24819 KALI DIBACA

Kejatisu Di Demo Oleh Puluhan Mahasiswa Yang Tergabung Dalam Ikatan Mahasiswa Tapanuli Bagian Selatan

Kejatisu Di Demo Oleh Puluhan Mahasiswa Yang Tergabung Dalam Ikatan Mahasiswa Tapanuli Bagian Selatan
example banner

Medan, I Realitas – Kantor Kejaksaan Tinggi Sumatera Utara (Kejatisu)di demo oleh puluhan mahasiswa yang tergabung dalam Ikatan Mahasiswa Tapanuli Bagian Selatan (Ima-Tabagsel) Pada Kamis, (8/8/2019) siang, Mereka menggelar aksi karena massa menilai selain dinas perkim Madina, diduga masih banyak pihak-pihak yang terkait atas dugaan korupsi Pembangunan Taman Raja Batu dan Tapian Siri-siri Syariah.

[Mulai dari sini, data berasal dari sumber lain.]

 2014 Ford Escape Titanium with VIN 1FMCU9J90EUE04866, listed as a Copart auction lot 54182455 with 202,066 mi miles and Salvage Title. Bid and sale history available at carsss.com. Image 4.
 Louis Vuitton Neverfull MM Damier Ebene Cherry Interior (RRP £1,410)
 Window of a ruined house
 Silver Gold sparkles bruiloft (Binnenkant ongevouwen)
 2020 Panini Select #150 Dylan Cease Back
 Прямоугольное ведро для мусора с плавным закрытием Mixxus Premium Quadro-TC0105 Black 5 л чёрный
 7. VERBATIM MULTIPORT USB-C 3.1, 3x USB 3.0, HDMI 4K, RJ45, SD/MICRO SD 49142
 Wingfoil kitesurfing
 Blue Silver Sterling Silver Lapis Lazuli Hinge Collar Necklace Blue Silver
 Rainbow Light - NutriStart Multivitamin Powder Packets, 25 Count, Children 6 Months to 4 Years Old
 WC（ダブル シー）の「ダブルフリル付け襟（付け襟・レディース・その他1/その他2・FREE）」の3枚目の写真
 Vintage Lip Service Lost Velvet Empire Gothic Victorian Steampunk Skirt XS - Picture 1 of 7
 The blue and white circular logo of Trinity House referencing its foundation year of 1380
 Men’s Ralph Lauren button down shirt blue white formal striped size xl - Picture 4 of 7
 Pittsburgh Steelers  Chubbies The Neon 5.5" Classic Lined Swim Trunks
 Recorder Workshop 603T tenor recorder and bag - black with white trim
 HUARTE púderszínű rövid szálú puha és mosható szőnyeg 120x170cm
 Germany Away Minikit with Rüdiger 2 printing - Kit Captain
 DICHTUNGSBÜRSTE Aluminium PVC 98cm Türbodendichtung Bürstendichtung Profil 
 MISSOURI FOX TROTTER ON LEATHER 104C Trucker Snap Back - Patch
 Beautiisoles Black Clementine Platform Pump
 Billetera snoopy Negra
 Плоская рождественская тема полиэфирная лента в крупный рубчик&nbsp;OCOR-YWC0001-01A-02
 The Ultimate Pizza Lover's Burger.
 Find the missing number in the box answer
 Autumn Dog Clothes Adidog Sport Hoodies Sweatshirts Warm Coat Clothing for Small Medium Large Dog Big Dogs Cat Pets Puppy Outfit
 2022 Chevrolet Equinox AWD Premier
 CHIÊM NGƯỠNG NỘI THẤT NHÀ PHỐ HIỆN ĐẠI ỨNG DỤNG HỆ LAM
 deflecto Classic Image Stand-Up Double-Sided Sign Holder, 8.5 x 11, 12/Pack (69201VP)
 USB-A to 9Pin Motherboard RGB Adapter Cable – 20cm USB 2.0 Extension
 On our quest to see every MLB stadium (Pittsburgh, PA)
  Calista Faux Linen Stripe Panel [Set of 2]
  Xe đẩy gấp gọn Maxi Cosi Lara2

Koordinator aksi, Wildan Lubis, mengatakan selain oknum dari Dinas Perkim Madina yang saat ini telah ditetapkan sebagai Tersangka dan saat telah telah dilakukan penahanan di rutan tanjung gusta medan, diduga masih banyak oknum dari dinas lain yang terlibat atas dugaan korupsi pembangunan taman raja batu dan tapian siri-siri syariah di Komplek Perkantoran Payoloting Panyabungan Mandailing Natal, diantaranya Dinas Pemuda dan Olah Raga Mandailing Natal dan Dinas Pekerjaan Umum Mandailing Natal.

Wildan juga meminta kejatisu untuk tidak tebang pilih atau pilih kasih, karena sesuai pemberitaan kerugian negara atas dugaan  korupsi pembangunan taman raja batu dan tapian siri-siri syariah adalah senilai 4,7 M, Diduga oknum dari Dinas Perkim merupakan yang paling besar korupsinya yaitu 1,4 M, namun jika pun paling besar tidaklah bisa semuanya ditumpukan kepada oknum dari dinas perkim aja, kejatisu harus netral. Wildan menambahkan, agar kajatisu melakukan penyelidikan dan penyidikan terhadap bupati madina, karena sesuai dengan foto-foto saat pembangunan.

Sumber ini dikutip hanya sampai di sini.